Elasticsearch doesn't apply the NOT filter

3.1k Views Asked by At

I've been knocking my head against a wall with Elasticsearch today, trying to fix a failing test case.

I am using Rails 3.2.14, Ruby 1.9.3, the Tire gem and ElasticSearch 0.90.2

The objective is to have the query return matching results EXCLUDING the item where vid == "ABC123xyz"

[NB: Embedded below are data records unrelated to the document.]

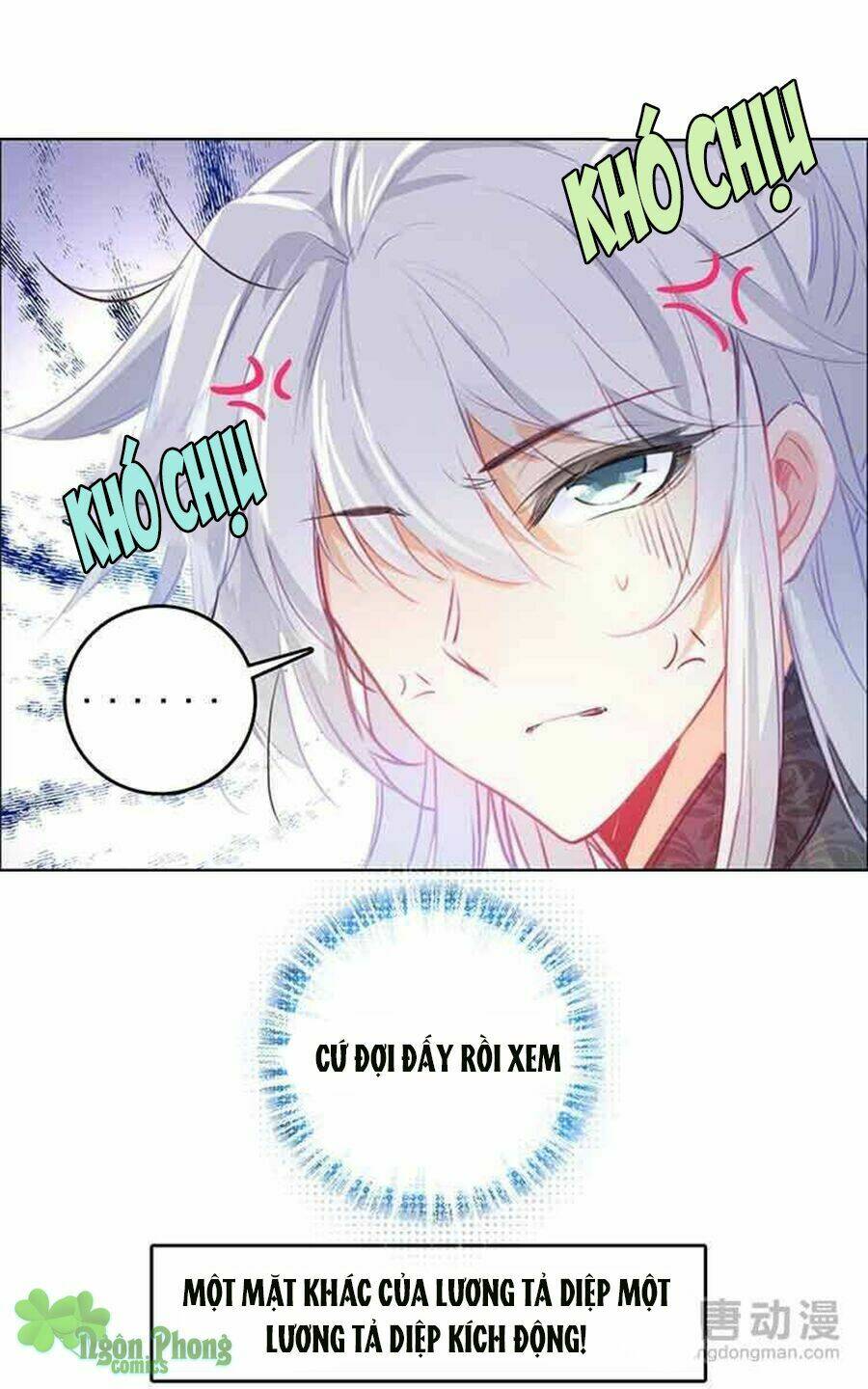 chúng thần học viện chapter 2 6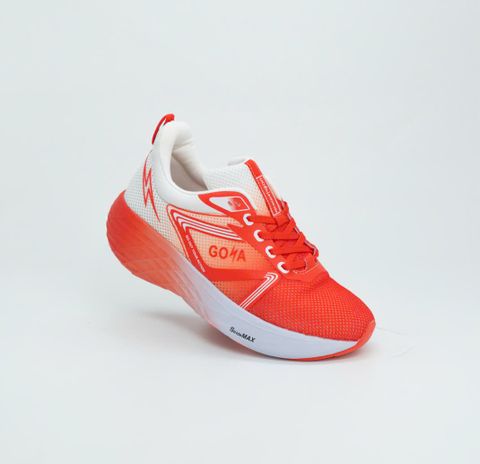  Giày Chạy Bộ GOYA Strides 2 Màu Đỏ 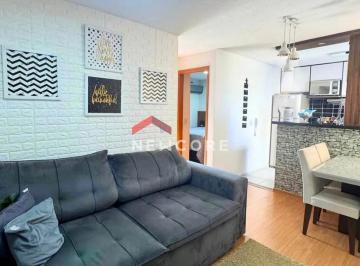 Apartamento · 39m² · 2 Quartos · 1 Vaga · Apartamento em Avenida Massaiuqui Sano - Jardim América (Vila Xavier) - Araraquara/SP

The Ruby code in the Video model looks like this:

def related_videos(count)
  Video.search load: true do
    size(count)
    filter :term, :category_id => self.category_id
    filter :term, :live => true
    filter :term, :public => true
    filter :not, {:term => {:vid => self.vid}}
    query do
      boolean do
        should { text(:_all, self.title, boost: 2) }
        should { text(:_all, self.description) }
        should { terms(:tags, self.tag_list, minimum_match: 1) }
      end  
   end
  end
end

The resulting search query generated by Tire looks like this:

{
  "query":{
    "bool":{
      "should":[
        {
          "text":{
            "_all":{
              "query":"Top Gun","boost":2
            }
          }
        },
        {
          "text":{
            "_all":{
              "query":"The macho students of an elite US Flying school for advanced fighter pilots compete to be best in the class, and one romances the teacher."
            }
          }
        },
        {
          "terms":{
            "tags":["top-gun","80s"],
            "minimum_match":1
          }
        }
      ]
    }
  },
  "filter":{
    "and":[
      {
        "term":{
          "category_id":1
        }
      },
      {
        "term":{
          "live":true
        }
      },
      {
        "term":{
          "public":true
        }
      },
      {
        "not":{
          "term":{
            "vid":"ABC123xyz"
          }
        }
      }
    ]
  },
  "size":10
}

The resulting JSON from ElasticSearch:

{
  "took": 7,
  "timed_out": false,
  "_shards":{
    "total": 5,
    "successful": 5,
    "failed": 0
  },
  "hits": {
    "total":1,
    "max_score":0.2667512,
    "hits":[
      {
        "_index":"test_videos",
        "_type":"video",
        "_id":"8",
        "_score":0.2667512,
        "_source":{
          "vid":"ABC123xyz",
          "title":"Top Gun",
          "description":"The macho students of an elite US Flying school for advanced fighter pilots compete to be best in the class, and one romances the teacher.",
          "tags":["top-gun","80s"],
          "category_id":1,
          "live":true,
          "public":true,
          "featured":false,
          "last_video_view_count":0,
          "boost_factor":0.583013698630137,
          "created_at":"2013-08-28T14:24:47Z"
        }
      }
    ]
  }
}

Could somebody help! The docs for Elasticsearch are sparse around this topic and I'm running out of ideas.

Thanks

1

There are 1 best solutions below

3
On

Using a top-level filter the way you are doesn't filter the results of your query - it just filters results out of things like facet counts. There's a fuller description in the elasticsearch documentation for filter.

You need to do a filtered query which is slightly different and filters the results of your query clauses:

Video.search load: true do
  query do
    filtered do
      boolean do
        should { text(:_all, self.title, boost: 2) }
        should { text(:_all, self.description) }
        should { terms(:tags, self.tag_list, minimum_match: 1) }
      end  
      filter :term, :category_id => self.category_id
      filter :term, :live => true
      filter :term, :public => true
      filter :not, {:term => {:vid => self.vid}}
    end
  end
end